14. Utilities and Water. Tenant shall obtain and pay directly to the provider thereof, at Tenant’s sole cost during the Term, all sewer, electrical, water, telephone, and other utilities supplied to the Premises. Tenant shall pay for its trash disposal with respect to the Premises.
15. Damage and Destruction. In the event of damage or destruction to all or any portion of the Premises, whether or not such damage is material, and whether or not such damage is insured, neither Landlord nor Tenant shall have any obligation to repair or restore such affected portion of the Premises; provided, however, Landlord and Tenant shall each have the right to make such repairs as they deem necessary or desirable. This Section shall not apply to (a) damage resulting from any breach of this Lease by Tenant, from any violation by, or with the permission of, Tenant of any of the Environmental Laws or any damage caused by the gross negligence or willful misconduct of Tenant (other than damage to, or destruction of, the Houses, as which Tenant shall have no repair or restoration obligation), or (b) damage resulting from a breach of this Lease by Landlord, from any violation by, or with the permission of, Landlord of any Environmental Laws or any damage caused by the gross negligence or willful misconduct of Landlord.
16. Default; Breach; Remedies.
16.1 Default; Breach.

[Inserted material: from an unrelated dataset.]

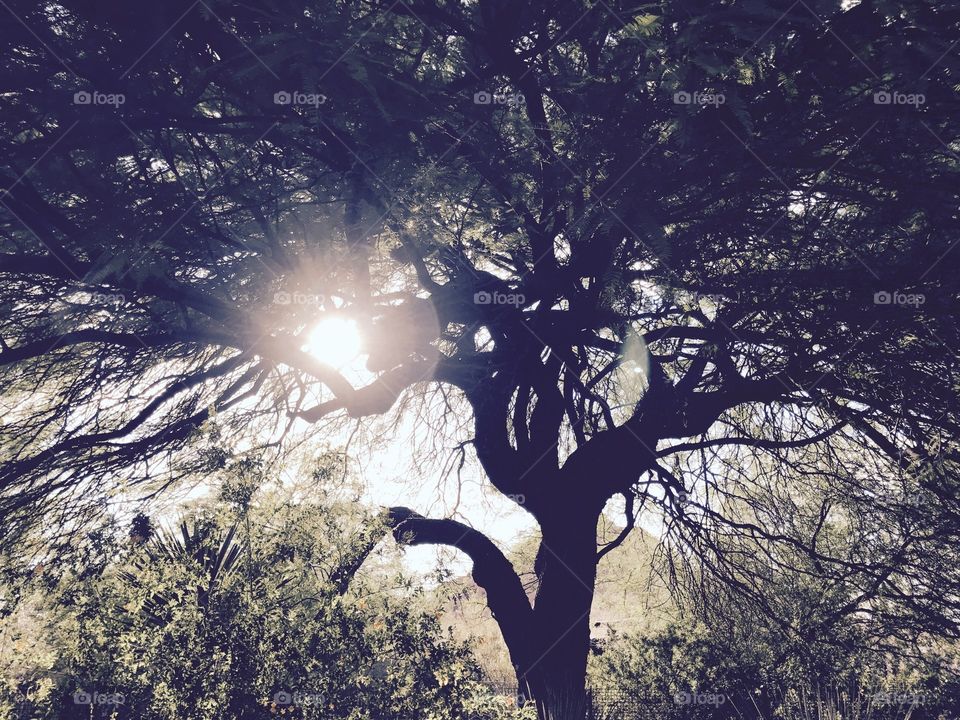 Sun Tree
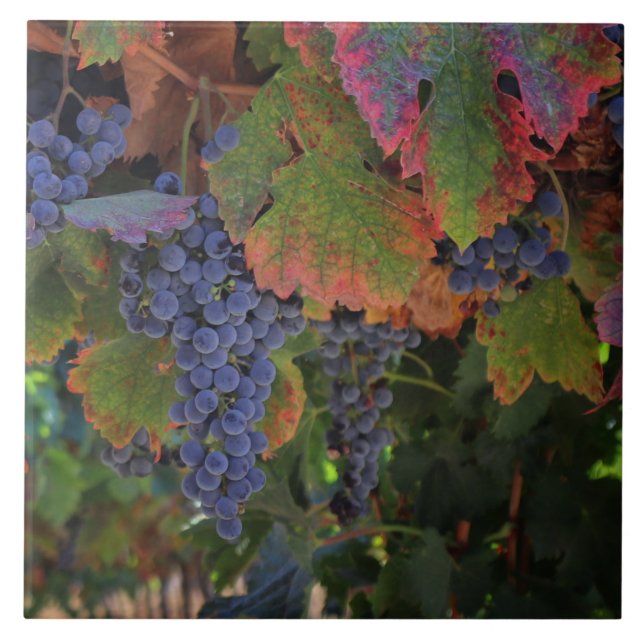 Beautiful Wine Grapes Art Tile (Front)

A “Default” means a failure by Tenant to observe, comply with or perform any of the terms, covenants, conditions or rules applicable to Tenant under this Lease. A “Breach” means the occurrence of any one or more of the following Defaults, and, where a grace period for cure after notice is specified herein, the failure by Tenant to cure such Default prior to the expiration of the applicable grace period:
16.1.1 The failure by Tenant to make any monetary payment required to be made by Tenant hereunder, where such failure continues for a period of five (5) days following written notice thereof.
16.1.2 Except as provided in Section 24 below, a Default by Tenant other than a Default described in Section 16.1.1 above, where such Default continues for a period of thirty (30) days after written notice thereof by or on behalf of Landlord to Tenant; provided, however, that if the nature of Tenant’s default is such that more than thirty (30) days are reasonably required for its cure, then it shall not be deemed to be a Breach of this Lease by Tenant if Tenant commences such cure within said thirty (30) day period and thereafter diligently prosecutes such cure to completion.

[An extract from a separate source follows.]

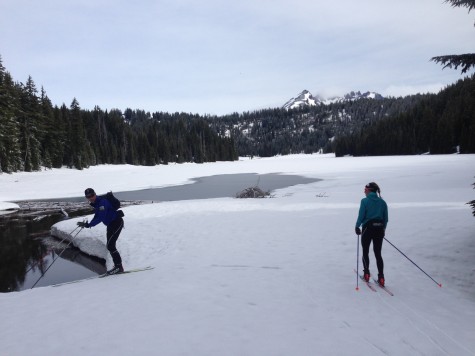 Todd lake. Not totally frozen, but solid enough.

16.1.3 The occurrence of any of the following events: (i) The making by Tenant of any general arrangement or assignment for the benefit of creditors; (ii) Tenant’s becoming a “debtor” as defined in 11 U.S.C. §101 or any successor statute thereto (unless, in the case of a petition filed against Tenant, the same is dismissed within sixty (60) days); (iii) the appointment of a trustee or receiver to take possession of substantially all of Tenant’s assets located at the Premises or of Tenant’s interest in this Lease, where possession is not restored to Tenant within thirty (30) days; or (iv) the attachment, execution or other judicial seizure of substantially all of Tenant’s assets located at the Premises or of Tenant’s interest in this Lease, where such seizure is not discharged within thirty (30) days; provided, however, in the event that any provision of this Section 16.1.3 is contrary to any applicable Law, such provision shall be of no force or effect, and not affect the validity of the remaining provisions.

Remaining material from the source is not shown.